A típica desumanidade portuguesa

Todos sabemos que os acidentes acontecem. Todos sabemos que as desgraças estão presentes na humanidade. Infelizmente, é algo que faz parte da vida — no pouquíssimo tempo em que estamos vivos. Ora sejam acidentes de viação ou mesmo um simples acidente caseiro envolvendo uma faca de cozinha com vida própria na hora de cortar rodelas de cebola, eles estão lá — sempre com um olho à espreita da oportunidade perfeita. Em relação a isso, estamos conversados e não há muito a fazer, senão tentarmos ao máximo evitar os acidentes com as ferramentas que temos, e que não são muitas.

Mas, existe algo que me perturba especialmente na forma como em Portugal se lida com o acidente ou desgraça.
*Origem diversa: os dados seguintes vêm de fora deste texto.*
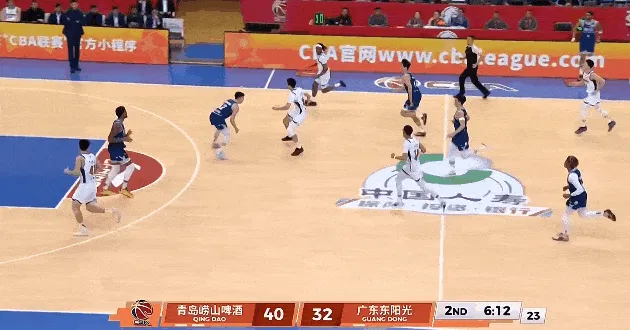 百家乐官网-崔永熙一条龙试图隔扣米奇被封盖，后者砍下23分6篮板2抢断3盖帽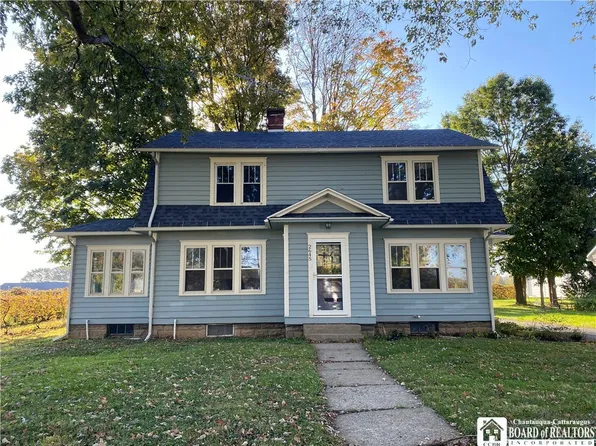 2645 Route 20 S, Silver Creek, NY 14136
No que tenho observado nos quase 40 anos da minha existência, intriga-me a necessidade mórbida com que os portugueses encaram as ocorrências no que ao nível da desgraça diz respeito. O português é fanático por desgraça. É insaciável na busca pelo infortúnio, de tal forma que parece, por vezes, que as pessoas não possuem um coração, ou, então, no lugar do órgão que faz bombear todo o sangue do nosso corpo, existe uma pedra negra e imunda.

O português delira com o desaire, com a calamidade, com a catástrofe. O português hoje em dia é uma pessoa sádica, que é curiosa ao ponto de querer saber mais sobre a desgraça, como aconteceu, o porquê de acontecer e quais são os resultados provenientes de tal infeliz situação. E é por isso que, quando ocorre um acidente de viação, as filas que se formam não são originadas pelo acidente em si, mas sim pela necessidade insana das pessoas em quererem ver a dita cuja desgraça. E se existirem pessoas feridas, então a curiosidade acresce ainda mais, levando as pessoas a sofrerem taquicardias na ânsia de chegarem mais rapidamente ao local, de conseguirem ver todo aquele cenário dantesco e triste.
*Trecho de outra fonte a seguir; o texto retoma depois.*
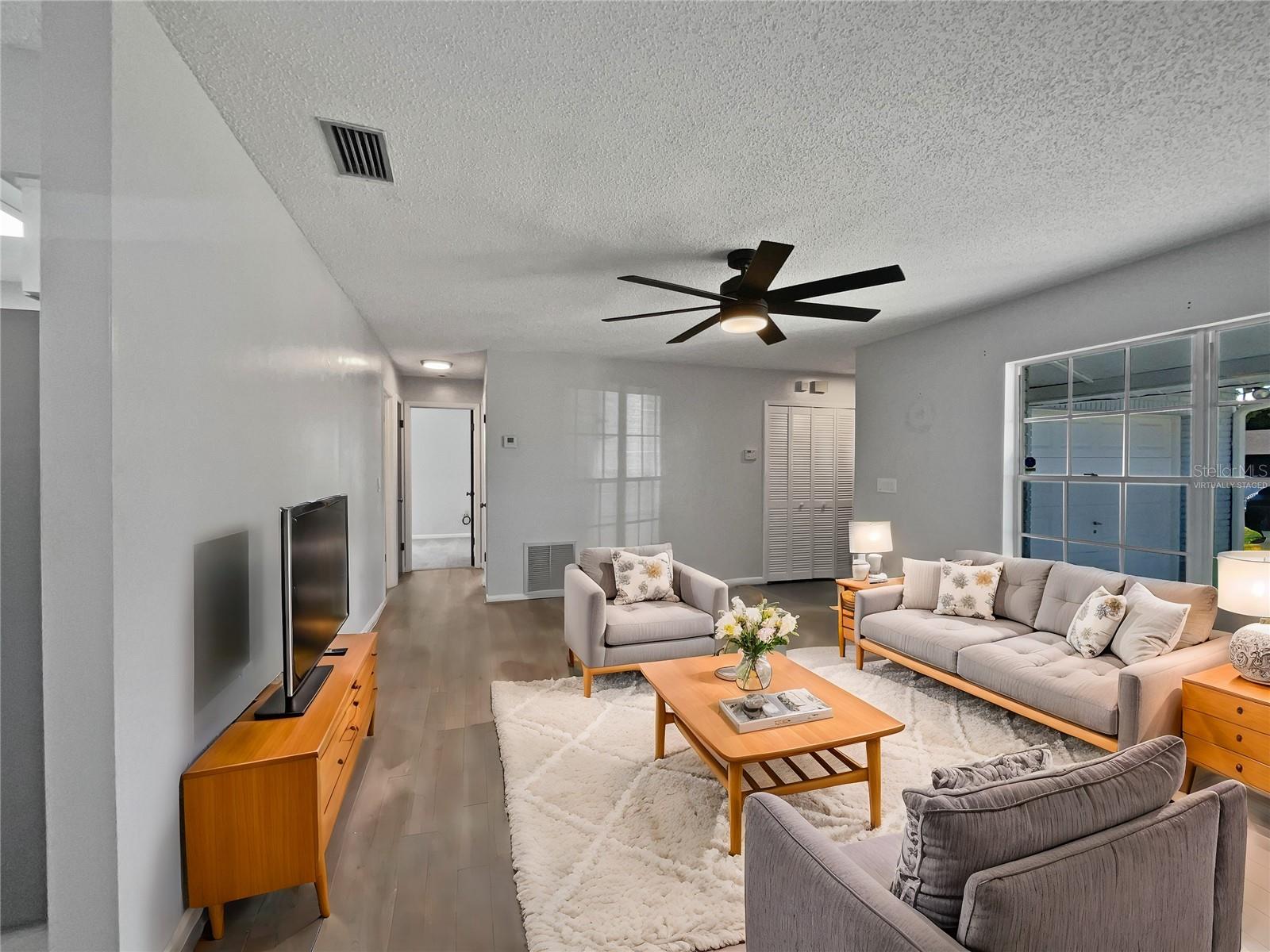 270 DEBARY DR, DEBARY, FL, 32713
Hoje em dia, não existe respeito por nada. Nem pelas vítimas de acidentes, assassinatos ou outros mais, nem pelas famílias das mesmas. Existem grupos de WhatsApp onde as pessoas partilham as fotos macabras de pessoas acidentadas em condições miseráveis, sabendo lá Deus como é que as mesmas conseguiram deitar as mãos a algo tão macabro e que deveria ser mais contido e envolto em secretismo pelas autoridades. Nessas partilhas existe sempre um denominador comum: o prazer mórbido de se ver aquelas imagens chocantes. O que me leva a crer que, se fosse possível, 90 por cento da população portuguesa adoraria viver dentro de um filme de terror durante 24 horas por dia.

E é assim que, aos poucos e poucos, a desumanização vai tomando conta do mundo…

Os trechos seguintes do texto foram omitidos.